=== Records to use ===

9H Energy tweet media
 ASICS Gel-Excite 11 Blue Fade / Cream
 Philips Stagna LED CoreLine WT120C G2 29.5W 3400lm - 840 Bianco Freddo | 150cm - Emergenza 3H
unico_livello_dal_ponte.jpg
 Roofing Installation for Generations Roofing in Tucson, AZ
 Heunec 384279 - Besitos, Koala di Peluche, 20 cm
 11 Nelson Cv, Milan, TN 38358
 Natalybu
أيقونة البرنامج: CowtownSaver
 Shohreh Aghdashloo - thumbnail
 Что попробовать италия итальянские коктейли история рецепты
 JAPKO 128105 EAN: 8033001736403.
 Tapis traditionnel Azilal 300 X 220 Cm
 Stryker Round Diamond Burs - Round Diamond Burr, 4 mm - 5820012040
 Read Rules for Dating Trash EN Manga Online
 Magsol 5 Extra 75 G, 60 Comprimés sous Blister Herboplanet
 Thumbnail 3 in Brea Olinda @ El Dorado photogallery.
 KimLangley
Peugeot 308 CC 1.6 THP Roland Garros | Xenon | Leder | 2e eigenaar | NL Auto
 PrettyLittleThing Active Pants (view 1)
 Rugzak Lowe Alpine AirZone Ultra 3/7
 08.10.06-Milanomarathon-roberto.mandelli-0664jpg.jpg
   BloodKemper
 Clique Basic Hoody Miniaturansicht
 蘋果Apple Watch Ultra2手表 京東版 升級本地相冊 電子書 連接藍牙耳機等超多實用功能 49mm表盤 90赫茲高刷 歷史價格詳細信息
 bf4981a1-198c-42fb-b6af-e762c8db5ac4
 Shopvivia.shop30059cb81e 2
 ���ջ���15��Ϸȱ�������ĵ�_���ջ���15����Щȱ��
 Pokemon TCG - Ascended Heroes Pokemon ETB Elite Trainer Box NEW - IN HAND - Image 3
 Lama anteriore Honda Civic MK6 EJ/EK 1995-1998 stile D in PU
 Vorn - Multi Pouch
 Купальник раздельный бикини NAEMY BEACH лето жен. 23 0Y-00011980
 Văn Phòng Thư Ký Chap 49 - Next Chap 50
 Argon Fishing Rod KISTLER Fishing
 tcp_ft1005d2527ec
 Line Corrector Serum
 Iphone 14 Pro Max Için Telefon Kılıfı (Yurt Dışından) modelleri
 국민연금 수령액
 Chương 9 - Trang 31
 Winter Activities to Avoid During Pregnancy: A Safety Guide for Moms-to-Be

===

_Task to complete_
Reprint the listing above. Keep every line exactly as it is.

_Task output_
9H Energy tweet media
 ASICS Gel-Excite 11 Blue Fade / Cream
 Philips Stagna LED CoreLine WT120C G2 29.5W 3400lm - 840 Bianco Freddo | 150cm - Emergenza 3H
unico_livello_dal_ponte.jpg
 Roofing Installation for Generations Roofing in Tucson, AZ
 Heunec 384279 - Besitos, Koala di Peluche, 20 cm
 11 Nelson Cv, Milan, TN 38358
 Natalybu
أيقونة البرنامج: CowtownSaver
 Shohreh Aghdashloo - thumbnail
 Что попробовать италия итальянские коктейли история рецепты
 JAPKO 128105 EAN: 8033001736403.
 Tapis traditionnel Azilal 300 X 220 Cm
 Stryker Round Diamond Burs - Round Diamond Burr, 4 mm - 5820012040
 Read Rules for Dating Trash EN Manga Online
 Magsol 5 Extra 75 G, 60 Comprimés sous Blister Herboplanet
 Thumbnail 3 in Brea Olinda @ El Dorado photogallery.
 KimLangley
Peugeot 308 CC 1.6 THP Roland Garros | Xenon | Leder | 2e eigenaar | NL Auto
 PrettyLittleThing Active Pants (view 1)
 Rugzak Lowe Alpine AirZone Ultra 3/7
 08.10.06-Milanomarathon-roberto.mandelli-0664jpg.jpg
   BloodKemper
 Clique Basic Hoody Miniaturansicht
 蘋果Apple Watch Ultra2手表 京東版 升級本地相冊 電子書 連接藍牙耳機等超多實用功能 49mm表盤 90赫茲高刷 歷史價格詳細信息
 bf4981a1-198c-42fb-b6af-e762c8db5ac4
 Shopvivia.shop30059cb81e 2
 ���ջ���15��Ϸȱ�������ĵ�_���ջ���15����Щȱ��
 Pokemon TCG - Ascended Heroes Pokemon ETB Elite Trainer Box NEW - IN HAND - Image 3
 Lama anteriore Honda Civic MK6 EJ/EK 1995-1998 stile D in PU
 Vorn - Multi Pouch
 Купальник раздельный бикини NAEMY BEACH лето жен. 23 0Y-00011980
 Văn Phòng Thư Ký Chap 49 - Next Chap 50
 Argon Fishing Rod KISTLER Fishing
 tcp_ft1005d2527ec
 Line Corrector Serum
 Iphone 14 Pro Max Için Telefon Kılıfı (Yurt Dışından) modelleri
 국민연금 수령액
 Chương 9 - Trang 31
 Winter Activities to Avoid During Pregnancy: A Safety Guide for Moms-to-Be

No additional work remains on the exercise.